Brian.oco 0 Tallied Votes 112 Views Share

Browsing through the trading numbers early this morning reveals that the chip sector, which I wrote about on Monday, took a hit with the news that Texas Instruments might come in with lower revenues than expected.

TI tightened its revenue outlook Monday, slightly raising its midpoint but also pointing to ongoing weaknesses in the wireless chip market. It’s stock dropped about 2.5% as a result, although National Semiconductor dodged that bullet, and saw its stock price rise by 1%, thanks to a good prognosis for the analog market, a strong market for the chip giant.

There’s also more news from AT&T, on top of its new iPhone strategy which we covered last night. Yesterday, AT&T began offering the Centro, Palm's new flagship smartphone based on the Palm OS. The $100 smartphone comes with multimedia capabilities and several services exclusive to AT&T.

AT&T has a good plan going, covering the smartphone niche from top to bottom with the iPhone and now the new Palm. The Centro seems to offer some nice features, like basic email and texting, along with access to music downloads, GPS navigation, an XM radio link, and live TV, for an additional price.

But what really interest me is the emerging mega-demographic buyer of smartphones – women. According to consumer buying data relased by Palm, more women than men purchased the Centro. In fact, the number of women was almost double the number of men.

The Centro's $100 price tag is an attractive selling point for budget conscious households – and we all know who runs budget conscious households – moms do.

Consequently, the Palm numbers are telling us that the smartphone consumer terrain is shifting. According to Nielson Mobile, the number of women buying smartphones nearly doubled to 10.4 million in the last year. Says Nielson: “The iPhone played a large role in this increase, with nearly one out of every three iPhones being owned by a woman. But companies like Research In Motion and Palm have also seen an increase in female ownership.”

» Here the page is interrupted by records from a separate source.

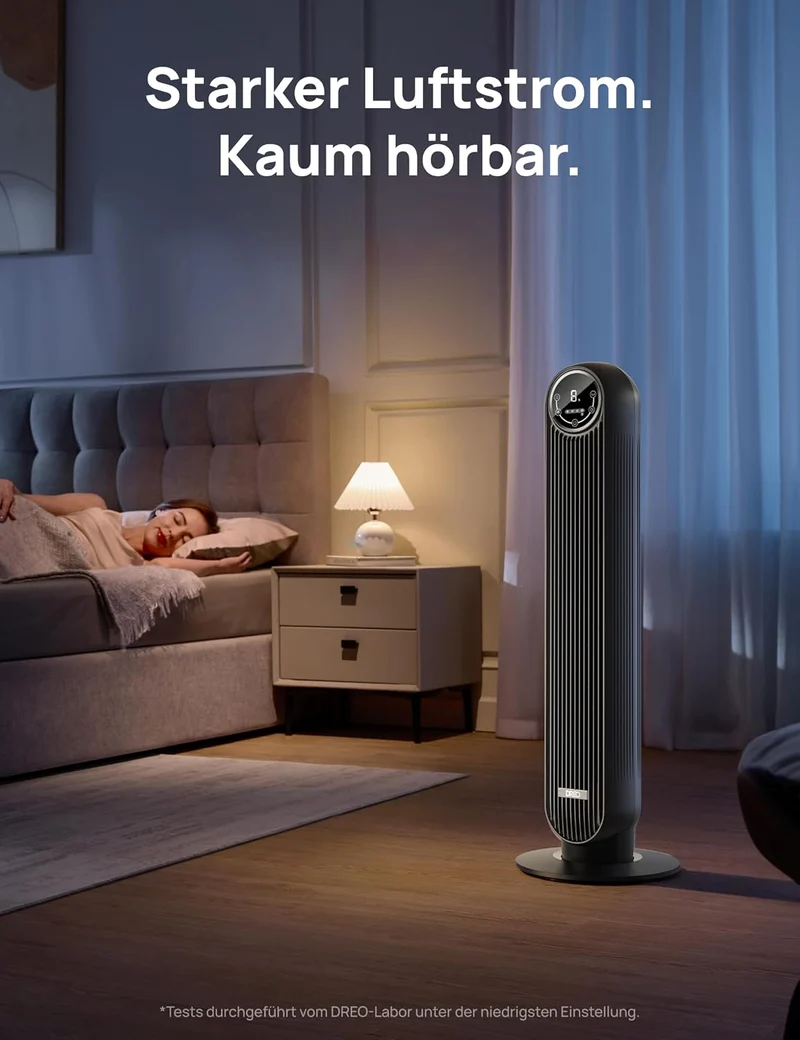 Leiser Turmventilator, 10 m Wurfweite 8 Geschwindigstufen 4 Modi 8 Std. Timer 90° oszillierende Ventilator mit Kühlung Fernbedienung für Schlafzimmer,Turmventilator 307, Schwarz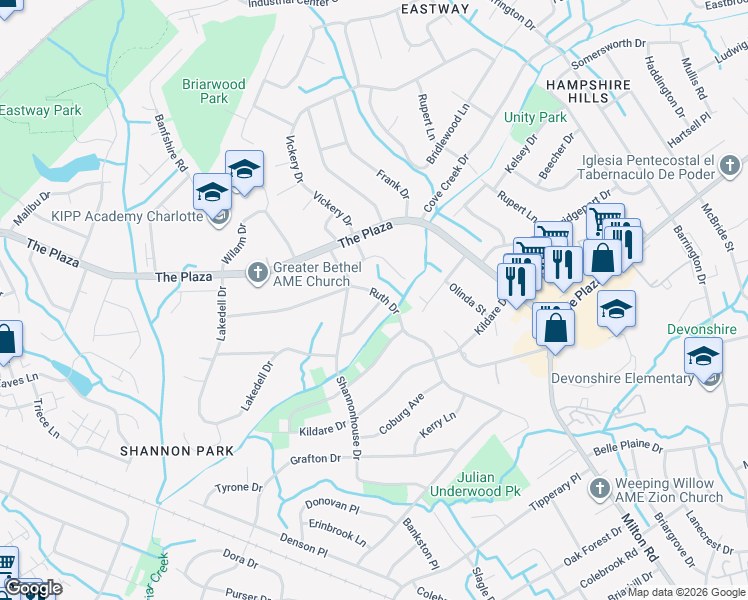 map of restaurants, bars, coffee shops, grocery stores, and more near 5449 Kinsale Lane in Charlotte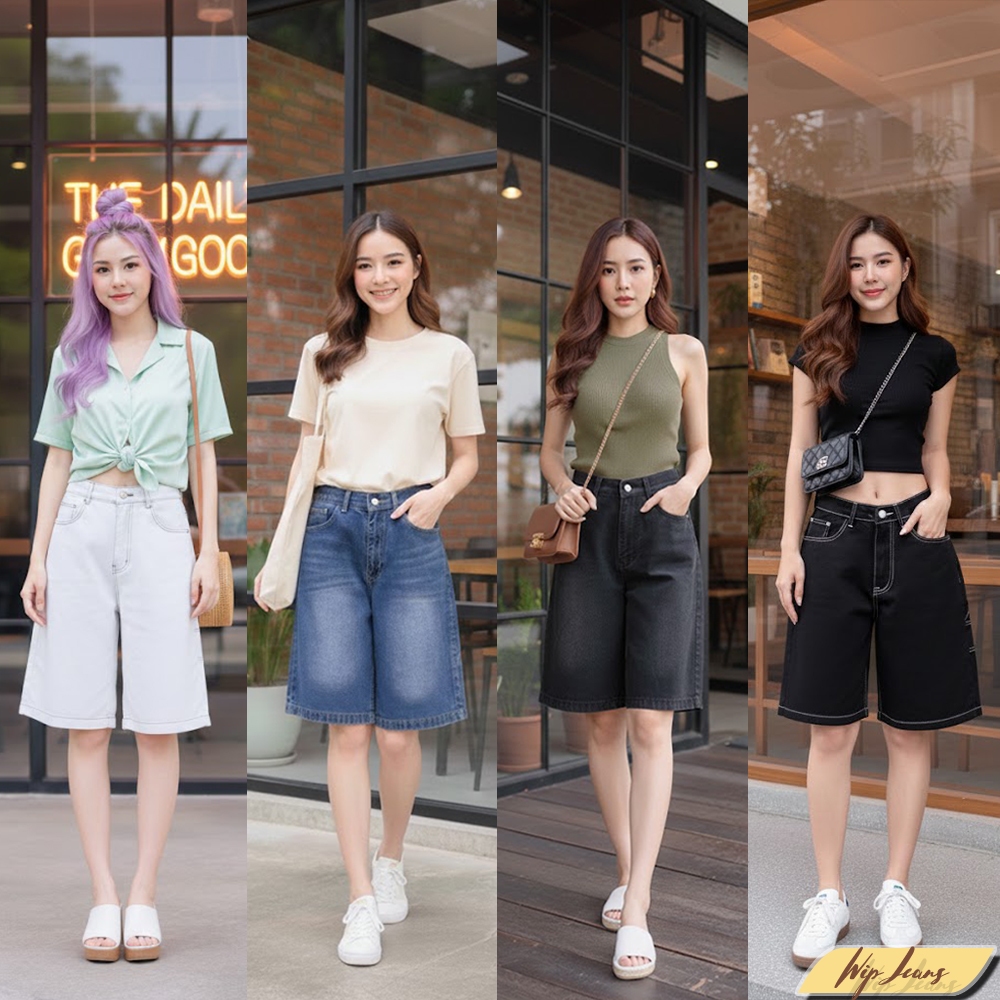 กางเกงยีนส์ขาสั้นทรงบอยยาวผ้าไม่ยืดเอวสูง ทรงสวยสไตล์เกาหลี แมทช์ง่าย ใส่สบาย มีให้เลือก 4 เฉดสีสุดชิค TK5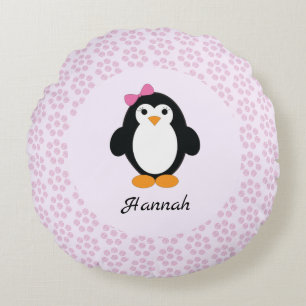 Pretty girl penguin with a pink floral background round cushion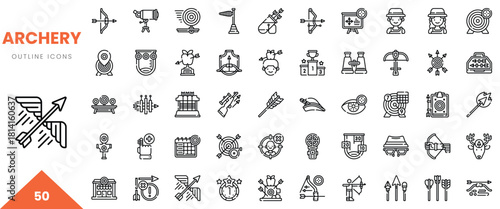 A diverse collection of 50 outline icons related to archery in a modern style.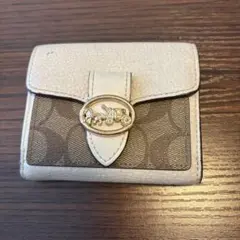 Coach 二つ折り財布 ホワイト/ブラウン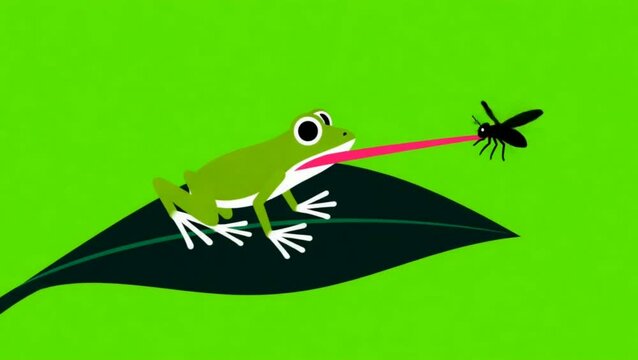 Vector Frog Catches Fly Animation Minimalist Wildlife Loop on Chroma Key Green Screen
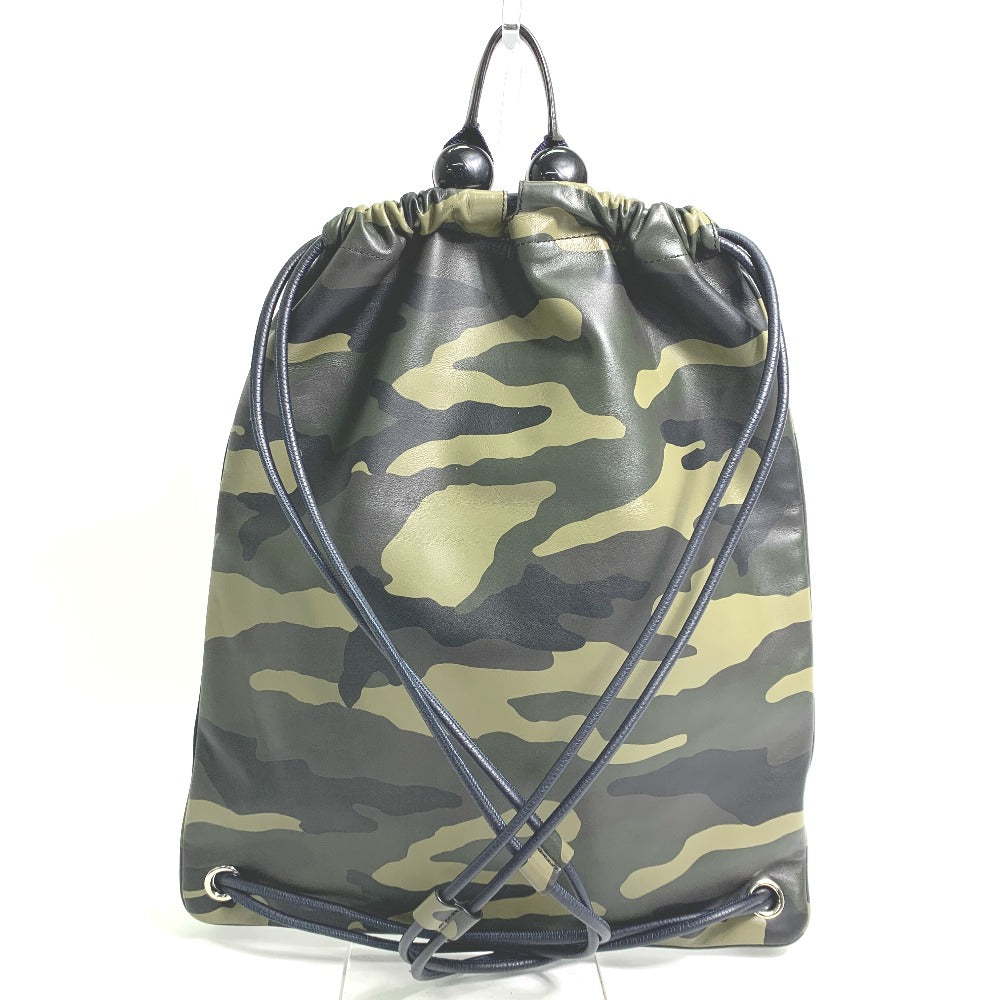 Dior Backpack Camouflage Camouflage Backpack Mens Handbag Leather Green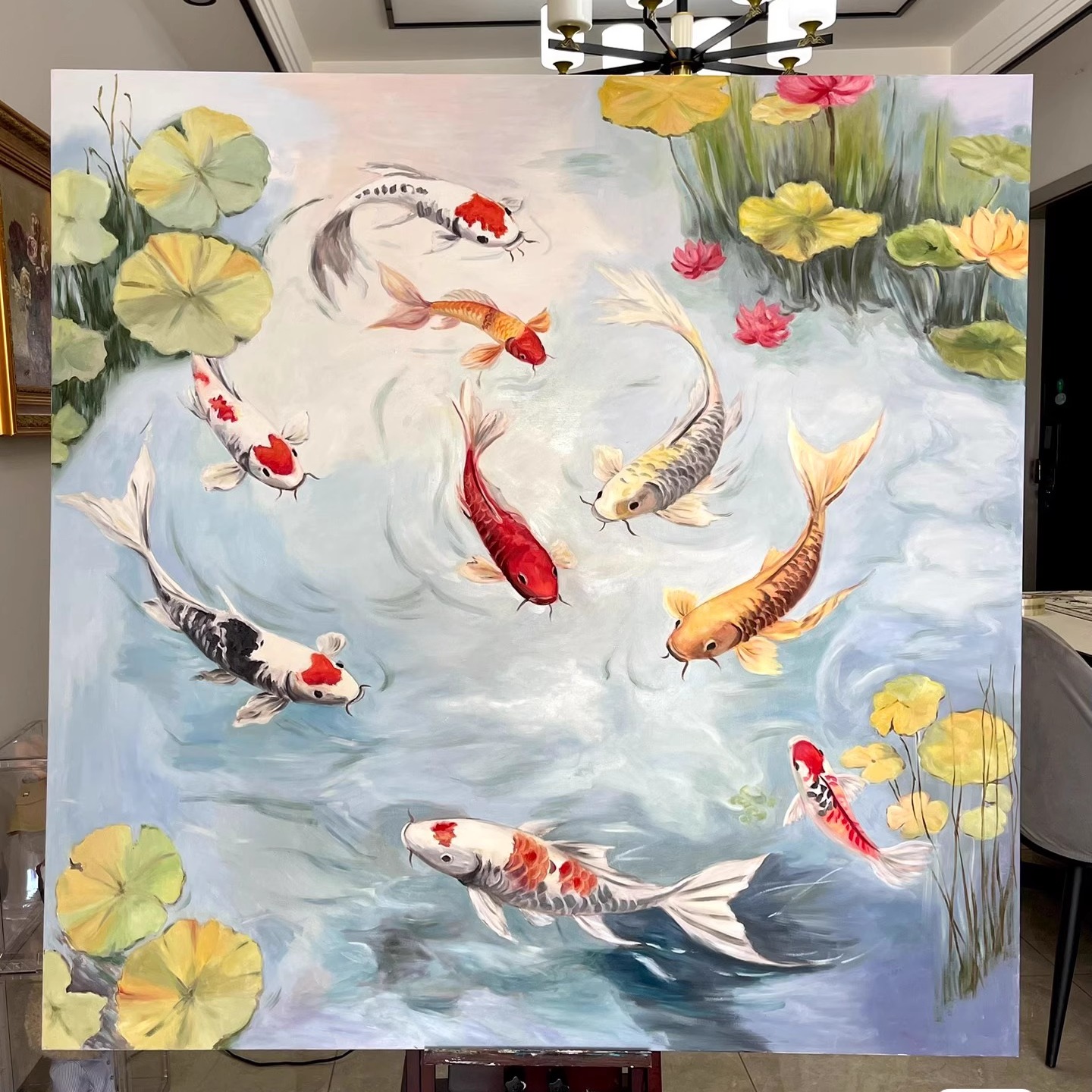 餐厅装饰画锦鲤九鱼图现代轻奢玄关新中抽象立体喷绘茶室微喷晶瓷图片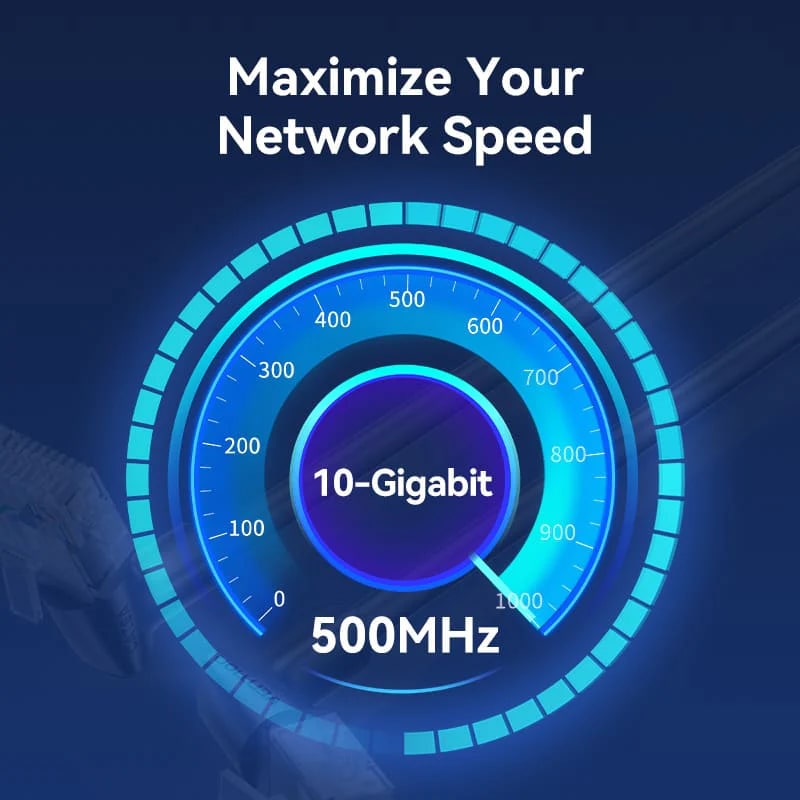 Vention 0.5 Meter Cat6A 360° Right Angle UTP Ethernet Patch LAN Cable RJ45 Male to Male with Gold Plated Contacts, Max 10Gbps Rated Transfer Speed and 500MHz Bandwidth for Internet Network | IBSBD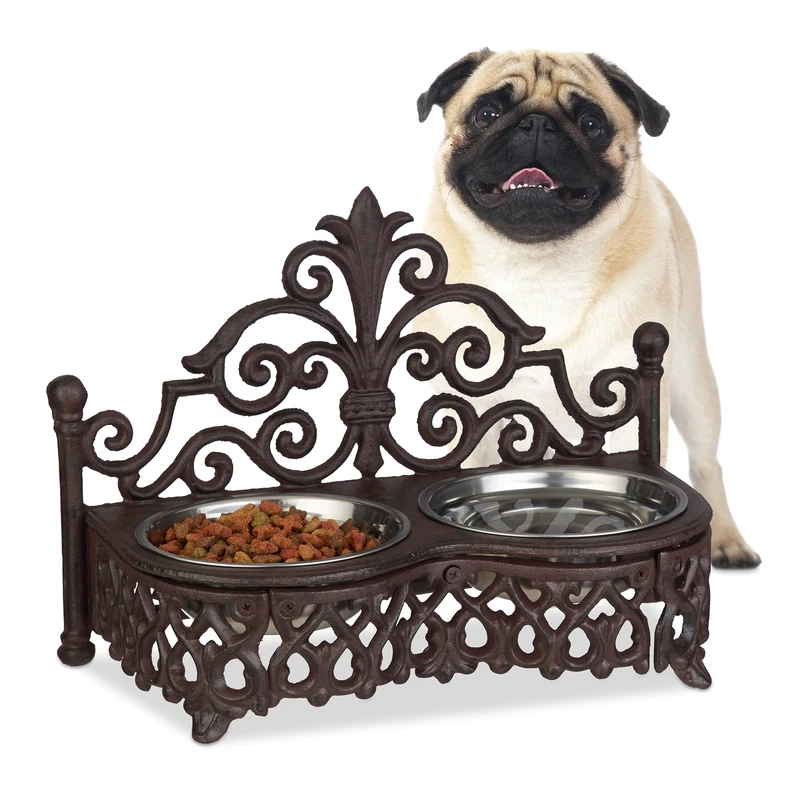 Relaxdays Dog Feeding Station, Antique-Style, Double Removable Style Steel Bowls, Cast Iron, Brown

Nielson makes some compelling points about the growing power of female smartphone buyers, including how women are more price sensitive than men about their devices, and are half as likely to care if they've used a brand before.

But the capper on the jug for me – and a huge new opportunity for smartphone providers – is that the Nielson research also showed that women are the household financial gatekeepers, as 71% of them make decisions about their families' wireless choices.

With the iPhone and now the new Palm smartphone, AT&T is in a great position to land its products into the sweetest landing spot on earth – the household. With more women as the decision makers, and as more women make the consumer buying choices in the home, that’s a beautiful script for AT&T – one, in fact, that it could have written itself.